Уже давно - когда это было? - не проходили дни так безболезненно, не задевая, не раня, точно не часы шли, а лепестки осыпались, точно не в жизни еще шаг-день отмерен был, а на берегу нездешнем, высоком-высоком, над синим провалом день-мгновенье пронежилась. И потому не сушили злополучные мысли, ставшие в последнее время неотъемлемыми - никакие, даже новые о чудесном не посетили, даже чудесные о новом, где озарение, где предчувствие пленительных минут уже не исторгнуть из души. А за ужином перевела взор с блюдца на Гилярова, посмотрела, как он от телеграммы, только что полученной из Тифлиса, отщипывает кусочки и кусочки то ко рту подносит, то сбрасывает на пол, словно не знает, куда девать самого себя промеж этих лоскутков, поглядела, как он дергает бровью, - и подумала с жутью, жалостью и первым волнением приближающейся любви: "Господи, да ему еще хуже, чем мне", - и снизился высокий берег.

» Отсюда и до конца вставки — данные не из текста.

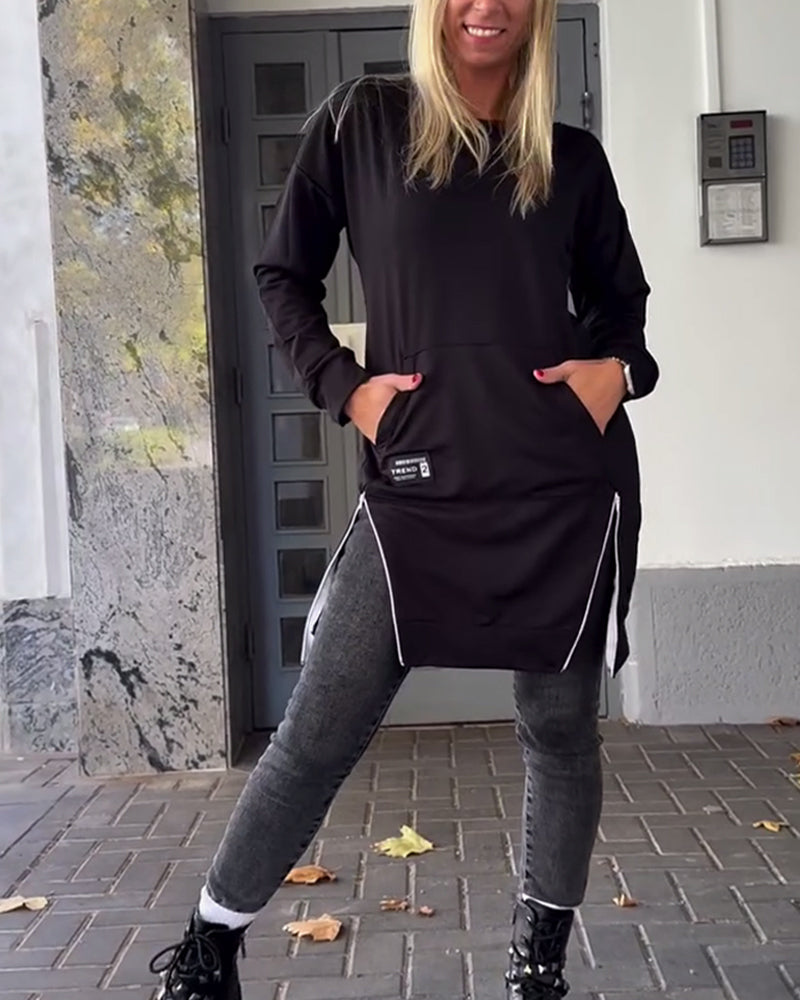 Casual Long-Sleeve Zipper Dress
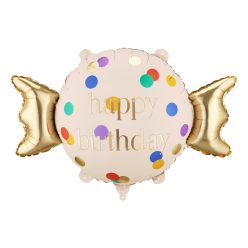 Foil Happy Birthday fólia lufi, kandiszínű, 61x37 cm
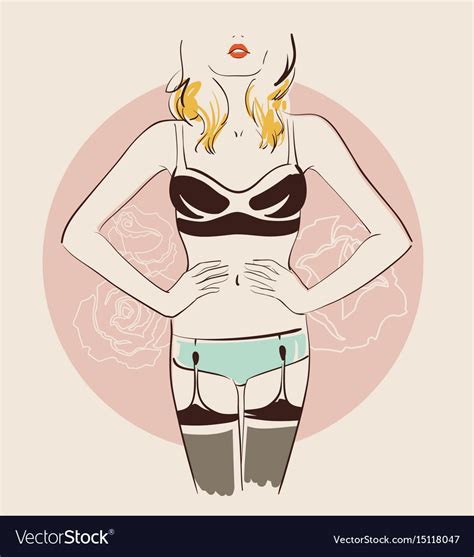 Beautiful Woman Wearing Sexy Lingerie Royalty Free Vector
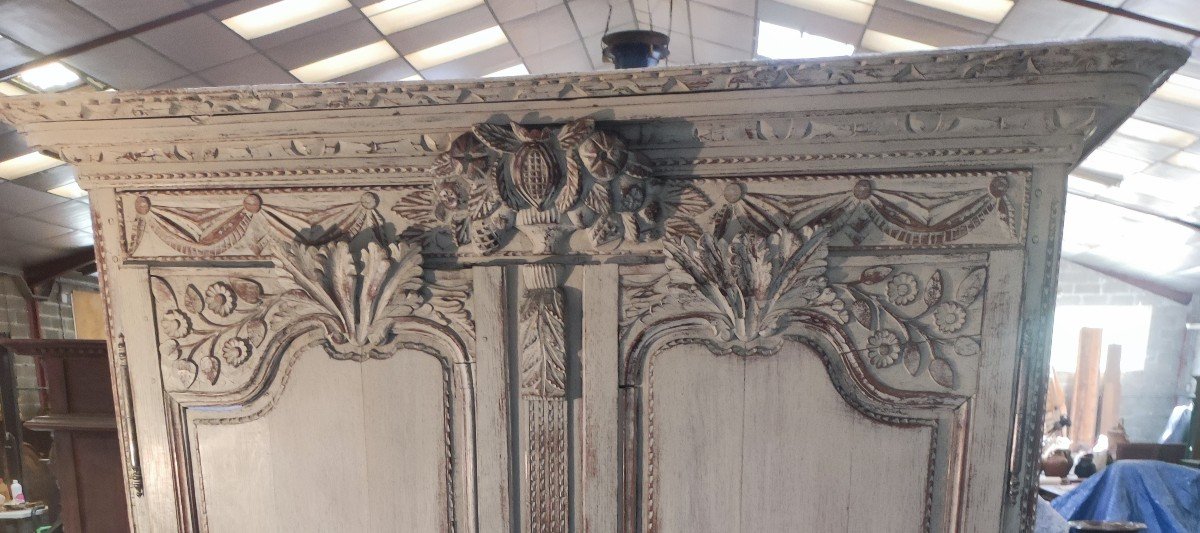 Armoire De Mariage Rechampie  XVIIIe Siècle-photo-3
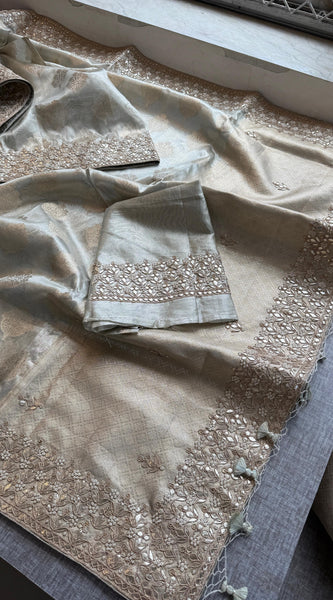 Tissue Handloom Banarasi Silk Saree with Pearl & Gotapatti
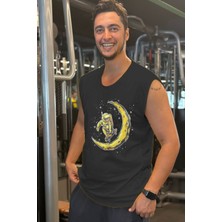 Bluu Kolsuz Spor T-Shirt Tank Top Spor Atlet Fitness Atlet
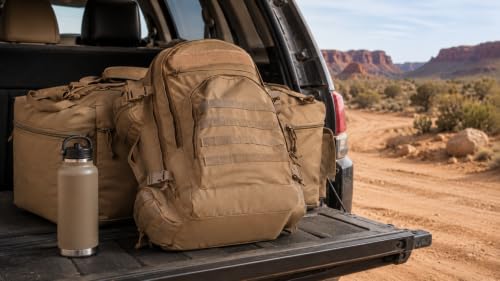 Large Tactical Backpack Bag For Hiking,Camping,Travel,Bug-Out 55L - color: Coyote Brown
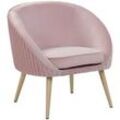 Sessel TROMSO Samtstoff Rosa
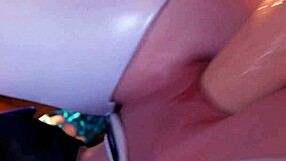 Kda Kaisa Sucks and Fucks Two Big Cocks Intensely!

Но не горевала, что пропал он, а с ним и безмятежность, не объяснила себе, почему нет сожаления, но поняла бездумно, что взамен другое будет, - ярче, нежнее, и, быть может, выше, выше любой горы…
…Снова притих вагон, улеглись проводники, машинистка заснула над развернутой книгой о городском самоуправлении. На Тонин стук Гиляров тотчас же отозвался, как тотчас же после ее слов: "Идемте, идемте в салон", сказал:
- Я вас ждал.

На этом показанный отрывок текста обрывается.